One of the most popular theories to explain masting is that in ‘mast’ years, the bumper crops satiate seed eaters, providing them with so much food that some seeds escape being eaten. Furthermore, the small crops produced in subsequent seasons serve to reduce populations of seed predators, resulting in fewer animals to eat the seeds produced during mast years. Thus, a higher overall proportion of seeds ultimately escapes predation. Another suggestion is that masting might enhance pollination efficiency, especially in wind-pollinated trees. It has also been proposed that the year after a period of water stress (or other suboptimal conditions for growth), forest trees may respond with high seed production. Although the cues that trigger masting are poorly understood, past and present weather conditions, especially fluctuations in temperature, seem, in some instances, to correlate with this still largely mysterious ecological phenomenon. But, what about the possibility that such synchronized reproductive patterns in plants may also be in anticipation of future climatic conditions?

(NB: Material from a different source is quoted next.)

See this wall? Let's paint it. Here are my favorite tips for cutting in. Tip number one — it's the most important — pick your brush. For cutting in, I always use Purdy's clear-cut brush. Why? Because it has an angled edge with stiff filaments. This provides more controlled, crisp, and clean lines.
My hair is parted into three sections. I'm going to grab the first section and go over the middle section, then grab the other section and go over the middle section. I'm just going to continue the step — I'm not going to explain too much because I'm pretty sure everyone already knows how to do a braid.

Traditional methods of predicting weather often make use of animal behavioural patterns, and in recent years even scientists have been studying animal behaviour in the context of predicting natural disasters. Furthermore, it has long been observed that weather change over the short term is associated in humans with increased complaints, especially of chronic pain. Stormy weather causes the air pressure to drop and then rise as the storm moves past. Experiments based on animal behaviour have shown that low barometric pressure and low ambient temperature augment pain intensity. These observations support reports from humans with certain pathological conditions that pain is aggravated by an approaching low-pressure system or exposure to a mildly cold environment.

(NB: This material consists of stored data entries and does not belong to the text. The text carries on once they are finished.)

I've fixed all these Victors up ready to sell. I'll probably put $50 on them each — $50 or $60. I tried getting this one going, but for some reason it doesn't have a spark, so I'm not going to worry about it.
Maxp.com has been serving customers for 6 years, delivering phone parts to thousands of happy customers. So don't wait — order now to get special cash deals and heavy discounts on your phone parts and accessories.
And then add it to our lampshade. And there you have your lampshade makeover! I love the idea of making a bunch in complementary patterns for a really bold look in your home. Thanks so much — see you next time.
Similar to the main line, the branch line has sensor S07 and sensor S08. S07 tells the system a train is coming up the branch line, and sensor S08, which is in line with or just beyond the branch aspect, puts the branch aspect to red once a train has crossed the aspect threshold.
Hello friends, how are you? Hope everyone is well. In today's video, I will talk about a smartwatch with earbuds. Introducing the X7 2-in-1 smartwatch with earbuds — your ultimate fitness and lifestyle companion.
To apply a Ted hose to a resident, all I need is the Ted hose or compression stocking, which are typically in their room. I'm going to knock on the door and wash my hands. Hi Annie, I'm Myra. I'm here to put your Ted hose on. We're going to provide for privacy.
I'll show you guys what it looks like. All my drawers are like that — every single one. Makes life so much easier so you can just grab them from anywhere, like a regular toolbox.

If some humans can predict approaching inclement weather in this way, then could plants do the same? Currently, there is no scientific evidence to support this. It is nevertheless widely claimed by gardeners (at least in South Africa) that the so-called rain or storm lilies (Zephyranthes spp.) of South America display mass blooming a few days before such stormy weather. On the other hand, reports in the popular literature state that such flowering only happens after good rains. It would be informative to observe a stand of these lilies and to record weather patterns over one or more seasons to establish the facts and whether they can predict certain weather conditions.

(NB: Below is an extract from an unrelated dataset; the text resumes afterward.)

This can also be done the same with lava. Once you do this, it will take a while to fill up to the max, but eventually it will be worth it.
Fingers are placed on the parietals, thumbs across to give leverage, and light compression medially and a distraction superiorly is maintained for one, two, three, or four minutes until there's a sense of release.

Plant behaviour is still very poorly understood. In folklore, influences of the phases of the Moon on plants have long been claimed. Although still treated as myth by many scientists, some of these assertions may well have some scientific foundation. Using sensitive measuring equipment, scientists have shown that the Moon does influence the flow of water between different parts of a tree. Moreover, plant neurobiology, a newly emerging field of plant sciences, depicts plants as social organisms with surprisingly complex forms of behaviour. In their own special way, plants can see, smell, taste, touch and, perhaps, even hear. They have the power to compute, they show foresight and they remember what happens to them – all qualities associated with intelligence in animals!